Researchers from the Interuniversity Center in Florence, Italy found that pills containing both THC and CBD reduced migraine pain by 43.5 percent. Administration of the drug also led to numerous other benefits, including curbing stomach-aches and muscle pain.

Past studies have found that cannabis combats headaches by going after cells in the body that control pain relief and inflammation.

“This research suggests that compounds found in cannabis are as effective as amitriptyline, a traditional prescription medication used to treat acute painful headaches... This provides promise for people who experience adverse effects from prescription medication,” Ian Hamilton, a lecturer in mental health at the University of York, told MailOnline.

“The analgesic properties of cannabis have been known for some time so this research adds to existing evidence of the potential that cannabis compounds have in the treatment and management of common health problems.”

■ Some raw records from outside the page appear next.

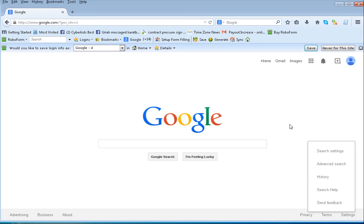We're using the Dubi toolbar. I'm already logged into the Dubi account, so I do not need to log in at this point. I'm right now at the Google homepage, and when you type in what I'm looking for...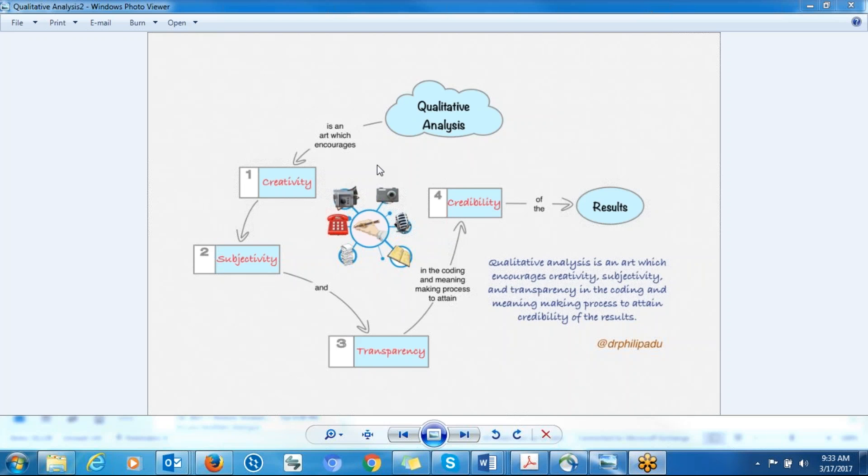And it also involves subjectivity because you as a researcher, you are an instrument. You are making meaning. This means that your past experience and biases might influence the meaning that you make.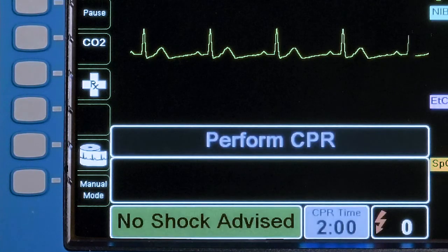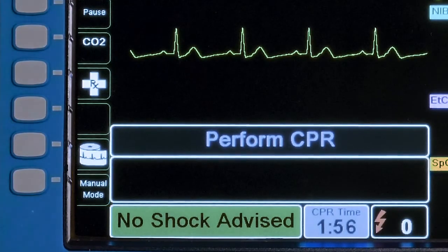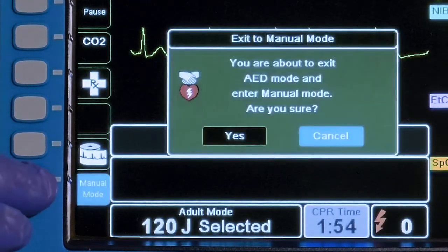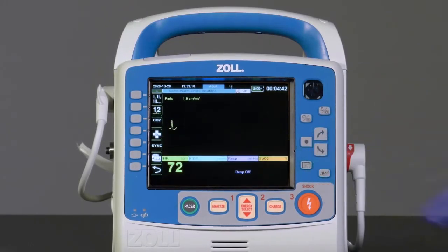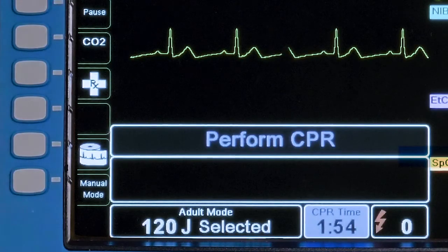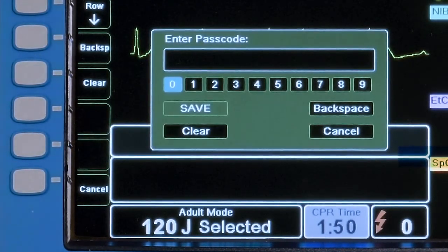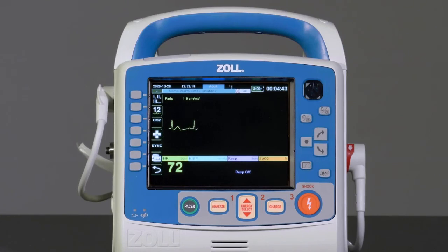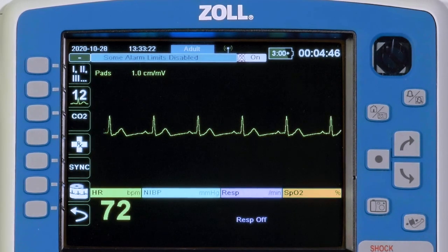To enter Manual Mode, select the Manual Mode key on the left side of the screen. Depending upon configuration, either confirm the change to Manual Mode or enter a 4-digit PIN to confirm the change. Once Manual Mode is entered, full control of the X-Series Advanced — including pacing, synchronized cardioversion, and manual defibrillation — can be obtained.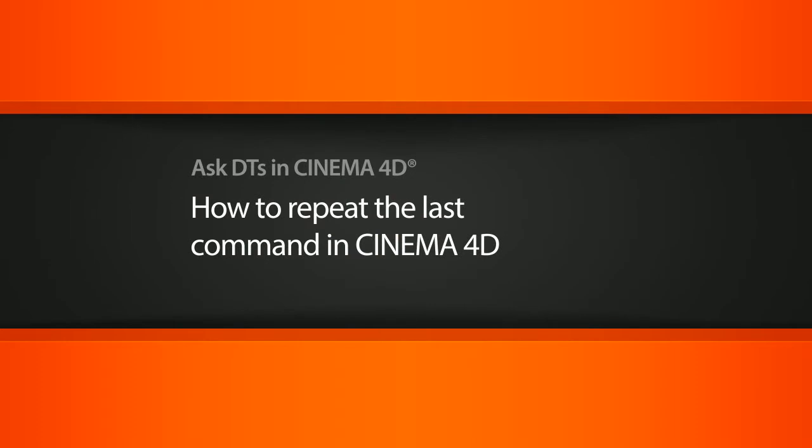In this video, we're going to look at a question from one of our users, Sazeray, on how to repeat the last action in Cinema 4D in a fashion similar to Maya's last command.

Researchers recruited 79 sufferers of migraines and cluster headaches for the study. Participants were given an oral dose of a drug containing both cannabis compounds every day for three months.  Those with cluster headaches were given a daily 200mg dose of the THC-CBD combination drug or a 25mg dose of the pharmaceutical amitriptyline, while patients with migraines were given 200mg of THC-CBD to take when they experienced acute pain.

It was revealed that the THC-CBD drug was more effective than common medication at curbing the number and severity of cluster headache incidents. Cannabis treatments cut cluster headaches by 40.4 percent, while amitriptyline reduce them by 40.1 percent.

Cannabis was also more effective at treating acute pain caused by migraines, slashing the severity of the pain by 43.5 percent.

“We were able to demonstrate that cannabinoids are an alternative to established treatments in migraine prevention,” said lead researcher Dr. Maria Nicolodi.

“That said, they are only suited for use in the acute treatment of cluster headaches in patients with a history of migraine from childhood on.”